What, the end of the relationship? Cue sheepish Penry-Jones grin: "No. It was afterwards, because then I did start sleeping with the lead actress."
By way of justification, he later adds: "It is a funny job. When you find yourself in a show, when you're doing love scenes with some beautiful girl, and you're there and you're miles away from home and you spend the day in bed together, and then you go home from work, and it's just you two and you go out for dinner that night, and yet you've been kissing all day ... The lines get very blurred. It's confusing. You just have to make sure that you're talking to your wife regularly. Dervla and I try not to spend more than a couple of weeks away from each other."

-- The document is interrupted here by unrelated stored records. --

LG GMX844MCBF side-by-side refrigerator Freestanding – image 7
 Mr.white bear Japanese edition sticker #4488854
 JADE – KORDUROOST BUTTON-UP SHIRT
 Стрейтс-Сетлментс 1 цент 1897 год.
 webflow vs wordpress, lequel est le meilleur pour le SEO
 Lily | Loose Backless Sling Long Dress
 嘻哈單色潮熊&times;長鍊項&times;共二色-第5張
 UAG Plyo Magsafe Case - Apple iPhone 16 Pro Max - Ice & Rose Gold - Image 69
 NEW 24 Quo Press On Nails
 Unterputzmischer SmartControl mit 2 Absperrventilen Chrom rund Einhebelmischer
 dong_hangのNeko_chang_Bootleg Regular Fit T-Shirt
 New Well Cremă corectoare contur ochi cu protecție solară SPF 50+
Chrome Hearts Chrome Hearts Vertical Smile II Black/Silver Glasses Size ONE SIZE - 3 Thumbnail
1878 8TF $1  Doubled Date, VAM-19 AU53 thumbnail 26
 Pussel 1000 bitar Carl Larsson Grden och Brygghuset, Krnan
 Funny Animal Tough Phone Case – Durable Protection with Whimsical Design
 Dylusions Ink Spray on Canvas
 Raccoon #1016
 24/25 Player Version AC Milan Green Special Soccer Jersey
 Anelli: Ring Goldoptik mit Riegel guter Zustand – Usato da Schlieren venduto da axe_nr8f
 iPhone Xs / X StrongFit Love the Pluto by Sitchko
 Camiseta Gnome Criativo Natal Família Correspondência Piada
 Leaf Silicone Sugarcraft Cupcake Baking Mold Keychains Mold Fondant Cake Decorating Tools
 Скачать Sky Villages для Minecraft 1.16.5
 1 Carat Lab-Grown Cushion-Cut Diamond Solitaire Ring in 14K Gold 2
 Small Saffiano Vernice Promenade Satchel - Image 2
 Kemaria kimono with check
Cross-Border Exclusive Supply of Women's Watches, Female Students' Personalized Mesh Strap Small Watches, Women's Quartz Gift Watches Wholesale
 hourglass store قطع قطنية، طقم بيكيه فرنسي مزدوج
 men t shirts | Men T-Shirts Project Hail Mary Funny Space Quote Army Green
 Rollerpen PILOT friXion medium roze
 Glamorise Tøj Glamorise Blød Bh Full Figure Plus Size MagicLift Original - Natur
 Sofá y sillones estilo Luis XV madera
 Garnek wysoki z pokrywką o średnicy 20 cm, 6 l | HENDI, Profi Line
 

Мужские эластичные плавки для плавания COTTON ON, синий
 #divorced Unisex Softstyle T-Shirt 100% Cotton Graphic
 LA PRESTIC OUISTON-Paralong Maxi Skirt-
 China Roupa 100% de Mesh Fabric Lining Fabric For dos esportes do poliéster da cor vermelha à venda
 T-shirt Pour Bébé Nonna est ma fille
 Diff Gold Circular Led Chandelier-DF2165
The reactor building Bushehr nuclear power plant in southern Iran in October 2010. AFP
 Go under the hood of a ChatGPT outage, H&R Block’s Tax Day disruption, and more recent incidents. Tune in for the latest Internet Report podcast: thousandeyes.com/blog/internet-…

Although his Minogue days were eons ago, and he hates bringing them up out of deference to Kirwan, he does give me one clue as to why they might have split up. "I wasn't really into her music. And, once, I stupidly said to her, when she played me 'Can't get you out of my head': 'Yeah, it's good. But I'd rather hear you do some sort of rock, acoustic thing.' I was in the studio with her when she was recording it. And she got very annoyed with me. And then – obviously – it turned into this huge hit."
Whether the song would be one of his Desert Island picks, if he ever gets asked on the show, remains to be seen. Before that though, he is keen to chalk up a few more big roles. Given that even Colin Firth had to wait for his stratospheric success, it's hard to believe that Penry-Jones will wind up disappointed.
Curriculum vitae
1970 Born in West Norwood, south London, to Peter Penry-Jones, a Welsh actor, and Angela Thorne, an actress.
1982 Attends Dulwich College, south-east London, where he deliberately flunks his exams in favour of training for the stage at Bristol's Old Vic Theatre School. Gets thrown out after two years.
1991 Needs his mother to step in and help find him an agent after realising working as a runway fashion model in Milan isn't helping him to get on the stage.
1995 Makes his London stage debut at the Hackney Empire, playing Fortinbras to Ralph Fiennes' Hamlet.
1999 Joins the Royal Shakespeare Company, playing the lead in Don Carlos.
2001 Meets his now wife, Dervla Kirwan, in a play at the Garrick.
2004 Is cast as the lead in the third series of the BBC's Spooks, playing MI5's Adam Carter for four further series. Juggles work and fatherhood: Florence is born the same year, and Peter two years later.
2007 Marries Kirwan.
2009 Takes the lead in ITV's Whitechapel, about a series of murders by a copycat Jack the Ripper killer.
2010 Spends five weeks in Puerto Rico shooting Treasure Island for Sky – to air Christmas 2011.
2011 Stars opposite Maxine Peake in Silk, a new BBC legal drama by Peter Moffat. Gets recommissioned for a second series. Is set to star in a third series of Whitechapel.